All but the most devout “efficient market” theorists agree that some mutual fund managers beat the market with greater consistency than others. But identifying them is another matter altogether, particularly as a large part of the return on any manager’s portfolio reflects luck, not skill, says Malcolm Baker, a professor at the Harvard Business School.

In order to identify the skill component, Baker and several colleagues studied the earnings announcements of stocks that mutual fund managers in the U.S. had bought, comparing these with earnings from stocks that had been sold.

The authors of Can Mutual Fund Managers Pick Stocks?, published on the National Bureau of Economic Research’s Web site (www.nber.org), looked at all fund holdings data for U.S. funds between the second quarter of 1980 and the third quarter of 2002. They then collated the earnings announcements that followed each stock’s filing with the Securities and Exchange Commission.

Future earnings announcement returns on the stocks that managers had bought were, on average, considerably higher than the future earnings announcement returns on the stocks that they had been selling, the authors concluded.

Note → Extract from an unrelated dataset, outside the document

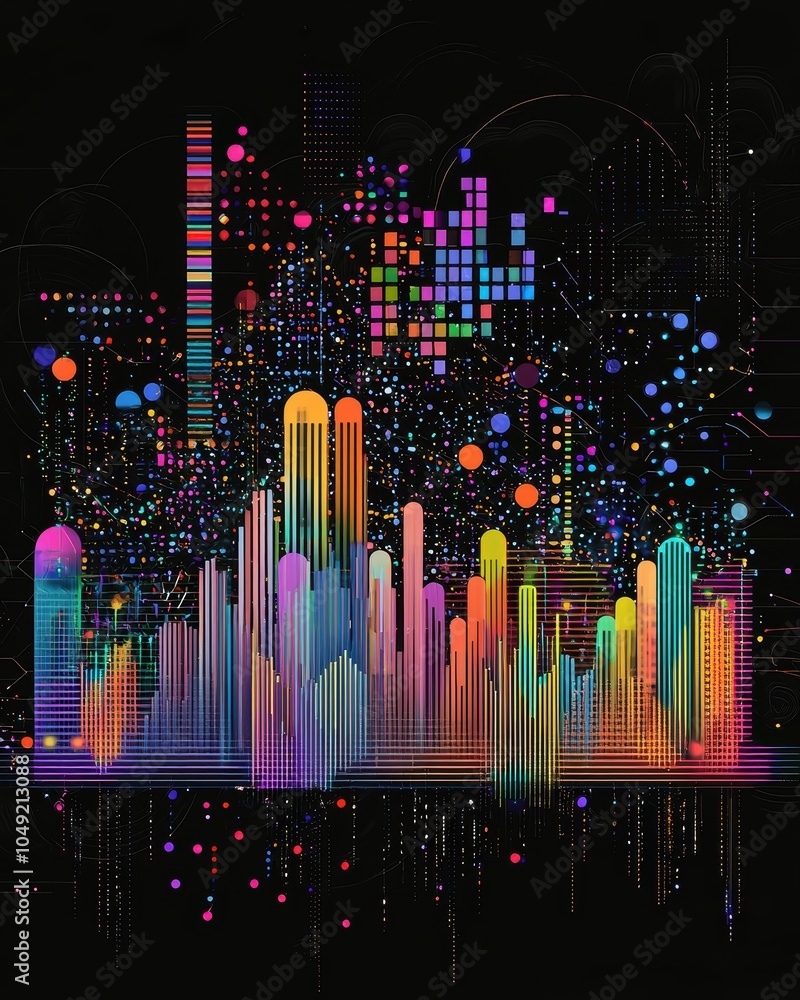 Poster colorful abstract data visualization with graphs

Moreover, certain types of managers were more likely to get things right than others.

Managers who do better are more likely to have a style that focuses on growth rather than income, Baker found. In addition, funds that are larger, have a higher turnover and use incentive fees show better performance.

Although the study doesn’t address whether active mutual fund managers can regularly produce additional returns large enough to exceed the fees they charge, it does suggest that fund managers are more likely to think for themselves — and, therefore, potentially outperform — when their pay is closely linked to their funds’ performance.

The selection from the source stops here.